Sexta-feira, 12 de junho de 2026
Por Redação O Sul | 2 de junho de 2021
O secretário de Saúde do Amazonas, Marcellus Campêlo, foi preso pela PF (Polícia Federal) na tarde desta quarta-feira (2), no aeroporto de Manaus, segundo o jornal O Estado de S. Paulo. Alvo da nova fase da Operação Sangria, que investiga corrupção em contratos firmados na pandemia, ele voltava de uma viagem. O mandado de prisão temporária foi expedido pelo STJ (Superior Tribunal de Justiça).
A nova fase da operação foi aberta depois que o Ministério Público Federal encontrou novos indícios de fraudes e superfaturamento na reinauguração do hospital de campanha Nilton Lins em Manaus no início do ano, quando o sistema de saúde da capital amazonense entrou em colapso diante de uma nova escalada da pandemia, e na prestação de serviços na unidade temporária para tratar pacientes com coronavírus.
O governador do Amazonas, Wilson Lima, foi um dos alvos da quarta fase da Operação Sangria. Na ação, que apura supostas fraudes em licitação e desvios de recursos públicos durante a pandemia da covid-19, agentes foram mobilizados para o cumprimento de 19 mandados de busca e apreensão e seis de prisão temporária nas cidades de Manaus (AM) e Porto Alegre, além de sequestro de bens e valores.
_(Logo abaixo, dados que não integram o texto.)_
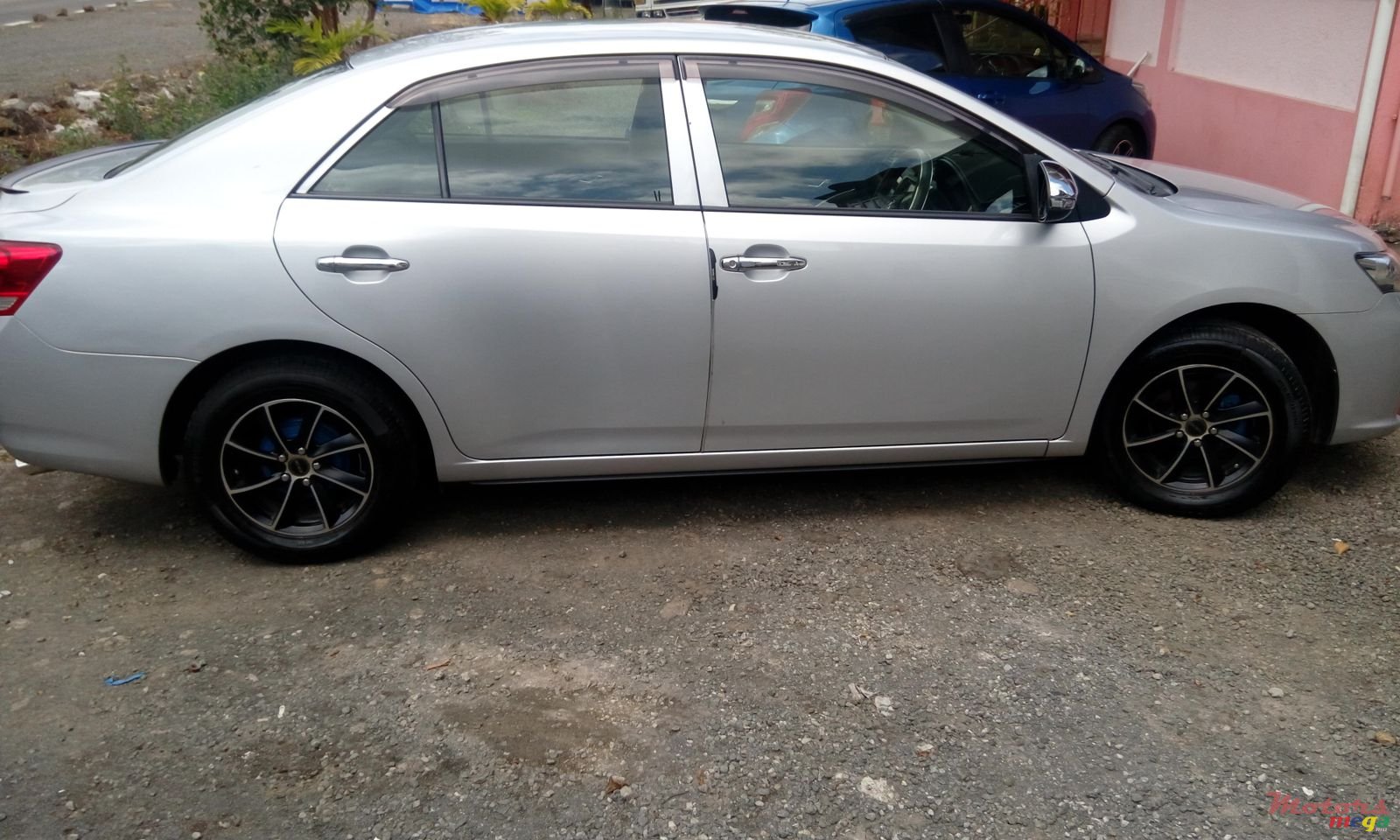 2013' Toyota photo #3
Em nota, Campêlo disse que estava viajando, mas que está “à disposição para prestar todos os esclarecimentos”. Já o governo do Amazonas informou que “é de total interesse do Estado que os fatos relacionados às investigações em curso sejam esclarecidos. O governador Wilson Lima reitera que, desde o início da pandemia de Covid-19, sua gestão está voltada a preservar a saúde do povo do Amazonas e a salvar vidas, tendo determinado aos gestores estaduais que empreguem todos os esforços possíveis com esse objetivo, sempre pautando as ações públicas pelos princípios da legalidade e da transparência”.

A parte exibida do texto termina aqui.